Dear Editor,
First,let me say that I've been a fan of Real Change from the beginning. It's a great paper and a great organization. However, I am concerned by the story on a woman's discrimination suit against the YWCA [“Homeless woman protests being barred from shelter,” Dec. 5]. It gives the impression that her improper treatment by shelter staff is proven fact rather than as-yet-unproven allegation.
Homelessness is a stressful condition. Working in shelters, I have come to see how being homeless exacerbates existing personality disorders and may even create new ones. Most of our guests are beautiful human beings, but it is naive to think that all homeless people are honest, well-intentioned, peaceful or sane.
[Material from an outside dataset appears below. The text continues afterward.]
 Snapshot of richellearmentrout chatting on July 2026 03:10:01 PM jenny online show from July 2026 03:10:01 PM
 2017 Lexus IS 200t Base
All the same, access to shelter is a basic human right and we shelter staff do our best to provide it, dealing firmly but compassionately with those guests whose experiences have taught them that manipulation, deceit, theft, and intimidation are useful tools for survival.
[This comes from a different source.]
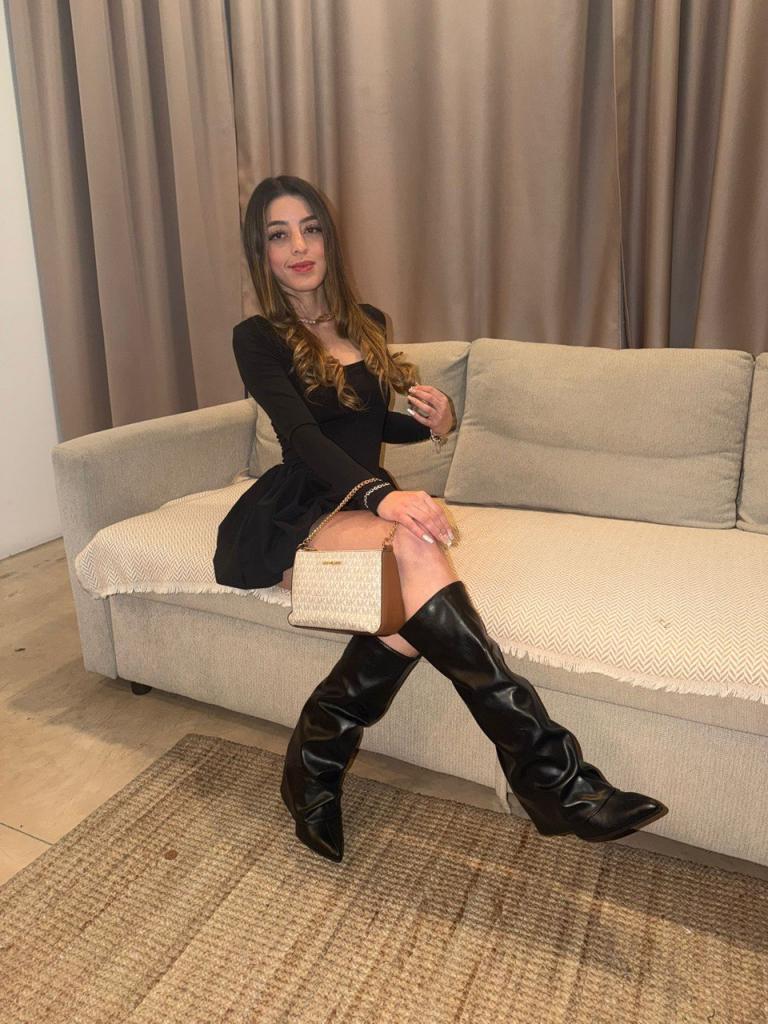 612431639: Chica busca chico en Málaga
So we work with some very hard-core folks night after night, and we keep doing it for less than wonderful pay, precisely because we understand that while abused and underprivileged people may not always be very pleasant individuals, they still deserve a safe place to sleep, in circumstances of dignity and compassion. For that reason our standard of proof for behavior that incurs a short-term or long-term bar is usually very high. Please give us the benefit of the doubt when you hear accusations of our unfairness.
I believe I am speaking for the vast majority of shelter providers when I say, yes, there are occasional bad apples among us, but we don't keep them on staff once we've identified them. There are incidents of unfairness, but we don't tolerate them. We are stern with each other and ourselves when we've lost sight of compassion and justice under stress.
You do the community no service by presenting one-sided stories that essentially say “homeless person good, shelter staff bad.” We have enough trouble recruiting good staff for a difficult and fairly thankless job without creating the impression – however inadvertently — that shelter workers are fair targets for vilification by advocates for the homeless.